The reason for the structure seems reasonable although the structure potentially compromises the availability of entrepreneur’s relief for CGT and business property relief (“BPR”) for IHT.  It just so happens that Joe and Joanne now wish to sell Co A (for a mere £22m+) and they are also keen to undertake inheritance and estate planning.  

When discussing estate planning, it transpired that Joe would rather his sons receive assets in a controlled manner and in a way that their value be protected from ex-spouses and creditors (one son may have married spontaneously to a new arrival to the UK!).

The disposal of the business was the key to any structuring.  A few interesting ideas were discussed involving the transfer of shares qualifying for BPR to trusts and foundations. The ideas were parked because it was felt a potential purchaser may be wary of acquiring the shares from these structures. It was good fun thinking about them though.

Priority one was making the company ready and appealing for a share sale and maximising entrepreneur’s relief.  Broadly this involved a tax review to ensure there weren’t any skeletons in the closet.  Needless to say the usual suspects were in the closet: director’s expenses, self-employed status, VAT on expense claims and incorrect treatment of certain expenses against corporation tax.  The history was rectified and policies put in place to ensure no repeats.

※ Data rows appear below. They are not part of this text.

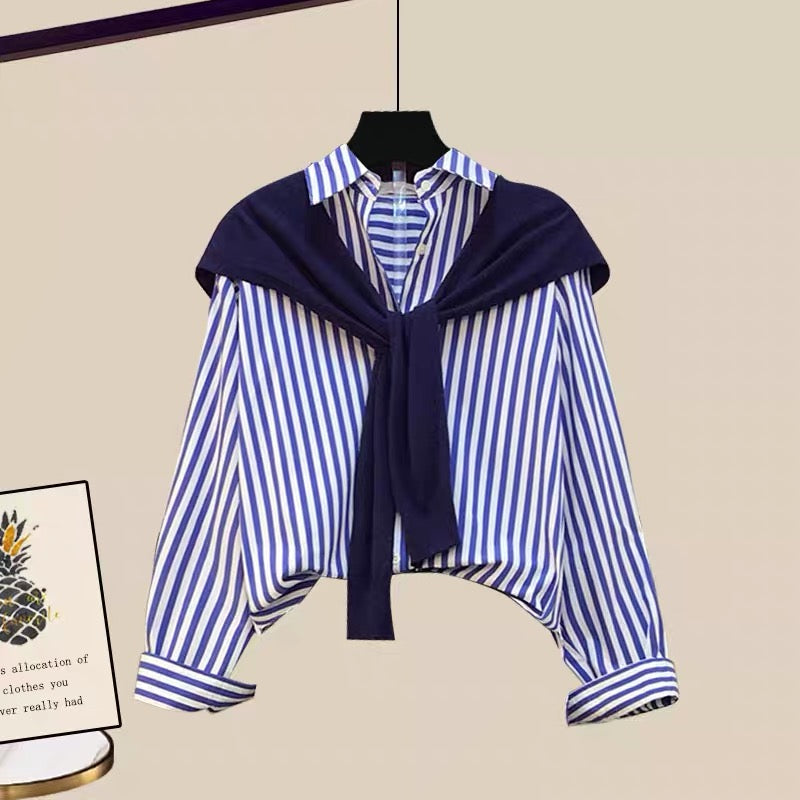 Autumn salt fried street wear suit 2022 new women's autumn shawl shirt jeans two-piece trend
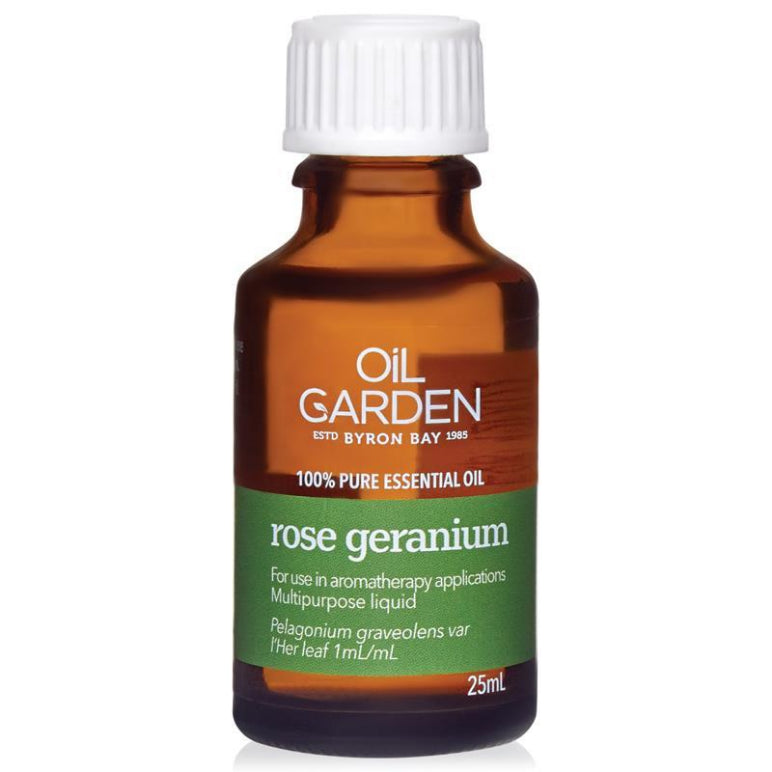 Oil Garden Rose Geranium Essential Oil 25ml front image on Livehealthy HK imported from Australia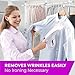 Portable Hand Held Clothing Steamer: Mini Steam Iron for Clothes, Curtains, Bedding and More - Compact Hand Steamer for Home or Travel Use - Fast Heat Garment Steamer with Protective Steaming Glove
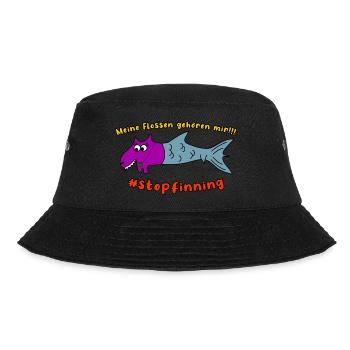 Meine Flossen gehören mir! Stop finning !!! - Bucket Hat - Schwarz - Vorne - Lela (165cm)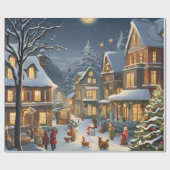 Snowy Christmas Town Geschenkpapier (Flach)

Next step was to reorganise the group structure.  The issues at hand were separating Co B and Co C and moving investment assets out of Co A.  A reorganisation can result in an income tax charge arising where the strict rules of the tax legislation are not met.  Also, where assets have been transferred to group companies subject to the reorganisation, a disposal can result on their exit from the group.  It is always advisable to obtain advance clearance from HMRC that certain legislation does not apply.  Clearance will be given where it is demonstrated the rules are met and where the reorganisation is for commercial reasons and not the avoidance of tax.  Once clearance is obtained, consideration would be paid to the structuring for IHT and estate planning.  In this particular case we were considering the use of trusts and foundations and will allude to potential planning in our next newsletter.

In conclusion, the planning needs of shareholders during the period of owning a company change.  With hindsight, the shareholders could have planned more actively for future events and it is always advisable in our opinion for taxpayers to consider the longer term needs against the short term ones.